In terms of signal-to-noise ratio and the content focus, you're right. HN is the closest thing to the 80s Usenet community that I've found on the Internet of the current day.

However, Usenet was never social media. You didn't connect with people like you do on social media and 'follow' them. On Usenet you joined discussion fora, which sometimes included the same people across multiple fora, so you would get a sense of the poster and their calibre and quality.


I haven't been on Usenet in the 80's (coming from the other side of the Iron Curtain, my own IT history basically starts in the 90's, first internet access around 1995-98).

Did Usenet not require any moderation? Or was it simply the barrier for entry that made people behave like the access was a scarce resource? Or what do You think made the period so unique?

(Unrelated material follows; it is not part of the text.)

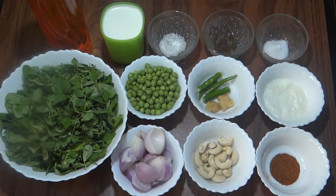Hello friends, welcome to Meena Cooks. Today we are going to make methi matar malai.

> Did Usenet not require any moderation? Or was it simply the barrier for entry that made people behave like the access was a scarce resource? Or what do You think made the period so unique?

Usenet didn't (in general, IIRC) have centralised moderation. Usenet had the famous killfiles, which you maintained and which elided the posts of people you found to be a nuisance.

https://en.wikipedia.org/wiki/Kill_file


There also were specific moderated usenet groups. People were behaving more I think people at the time were socialized to being polite and civil and for access to usenet you had to specifically configure your usenet client (I used netscape navigator back then), so that was a barrier for entry.